EET appoints CEO to oversee Stanlow transformation

EET Fuels appoints new chief executive of division that will oversee the transformation of Stanley close to the Mersey into the ‘world’s first decarbonised oil refinery’. Tony McDonough reports

Rob Wallace
Rob Wallace, chief executive at EET Hydrogen Power at Stanlow


EET Fuels has hired an experienced energy sector executive to oversee the transition of Stanlow into what it hopes will become the world’s first decarbonised oil refinery.

Rob Wallace will take the helm at EET Hydrogen Power at the huge complex in Ellesmere Port close to the River Mersey. Mr Wallace offers more than 25 years’ experience in the energy sector with roles at ESB, Centrica and Shell.

Most recently he was with the Irish electricity company, ESB, overseeing asset and plant commissioning, commercialisation and the establishment of processes and procedures at all levels at its Carrington Power Station.

Latterly in this role, he took up a newly created role in ESB’s asset development team as a hydrogen manager to deliver ESB’s net zero 2040 strategy.

At Stanlow he will oversee the construction of a new combined heat and power plant (CHP). This will play a significant role in reducing emissions at Stanlow.

More energy efficient than current processes, the CHP will initially deliver a 13% carbon dioxide emissions reduction from the site or 180,000 tonnes per year.

Once powered, a reduction of 740,000 tonnes of carbon dioxide emissions will be achieved, equivalent to taking 350,000 cars off the road.

In a special report in early April, LBN revealed EET Fuels (part of the Essar Oil group) had plans to decarbonise the operations at Stanlow which provides employment for around 1,400 people.

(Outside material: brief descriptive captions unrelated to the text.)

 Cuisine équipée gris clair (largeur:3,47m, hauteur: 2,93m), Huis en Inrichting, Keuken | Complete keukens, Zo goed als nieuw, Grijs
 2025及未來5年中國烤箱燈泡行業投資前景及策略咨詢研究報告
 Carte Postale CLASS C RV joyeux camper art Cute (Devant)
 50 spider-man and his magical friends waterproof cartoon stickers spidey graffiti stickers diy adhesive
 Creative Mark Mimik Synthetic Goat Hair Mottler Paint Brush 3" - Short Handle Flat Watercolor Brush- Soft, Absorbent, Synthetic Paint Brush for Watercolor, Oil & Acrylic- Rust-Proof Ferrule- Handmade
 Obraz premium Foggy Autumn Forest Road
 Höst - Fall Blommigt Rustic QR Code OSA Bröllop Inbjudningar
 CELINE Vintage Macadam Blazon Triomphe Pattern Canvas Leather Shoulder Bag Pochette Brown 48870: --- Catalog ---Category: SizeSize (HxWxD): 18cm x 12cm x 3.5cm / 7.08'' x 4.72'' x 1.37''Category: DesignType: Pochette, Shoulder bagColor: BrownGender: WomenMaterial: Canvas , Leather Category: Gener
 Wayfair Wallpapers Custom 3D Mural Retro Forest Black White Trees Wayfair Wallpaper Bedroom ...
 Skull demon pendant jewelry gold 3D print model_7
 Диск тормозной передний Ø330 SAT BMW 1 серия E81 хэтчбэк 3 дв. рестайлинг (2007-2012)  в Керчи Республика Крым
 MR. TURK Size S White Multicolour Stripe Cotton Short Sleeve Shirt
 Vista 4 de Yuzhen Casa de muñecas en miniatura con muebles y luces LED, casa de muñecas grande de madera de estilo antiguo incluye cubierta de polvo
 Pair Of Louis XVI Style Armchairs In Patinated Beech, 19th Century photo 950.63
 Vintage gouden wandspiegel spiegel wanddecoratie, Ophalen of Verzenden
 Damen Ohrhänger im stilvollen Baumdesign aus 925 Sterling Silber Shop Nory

Stanlow is to be the nerve centre of the HyNet hydrogen project. It will be home to a £3bn hydrogen production hub as well as a carbon capture facility. Expected to be operational by late 2027 the plant will supply hydrogen to industrial clients across the North West.

However, there are question marks over its green credentials. HyNet plans to produce hydrogen by burning natural gas with the resulting CO2 emissions captured and stored in porous rock in depleted gas fields under Liverpool Bay.

It has set an ambitious target of capturing 97% of emissions. But environmentalists and a number of energy experts believe this is not achievable and that so-called ‘blue hydrogen’ is just a ruse to allow the fossil fuel industry to prolong the use of gas.

In an interview with LBN in early April Richard Holden, a project manager at Stanlow, said he was confident the operation would be a success. And he explained how EET would use the hydrogen supply to decarbonise its own operations.


Essar Oil UK
A £45m hydrogen enabled furnace at the Stanlow oil refinery in Ellesmere Port. Picture by Tony McDonough


Furnaces are essential to an oil refinery. The process of refining crude oil means it has to be heated to around 470 degrees celsius. Stanlow’s ‘catcracker’ furnace alone accounts for almost half of the refinery’s annual emissions.

READ MORE: £6bn ‘barrage across the Mersey’ takes step forward

Essar has invested in a new £45m furnace which is now installed on the site. Although it can operate using conventional fuels it is also equipped to operate using hydrogen.

Rob Wallace said: “Through its ambitious hydrogen and industrial carbon capture projects, EET has made tremendous steps in recent years to become a leading example of innovation and decarbonisation in the UK

“I’m looking forward to working with the wider team to achieve these plans and support the region’s decarbonisation plans.”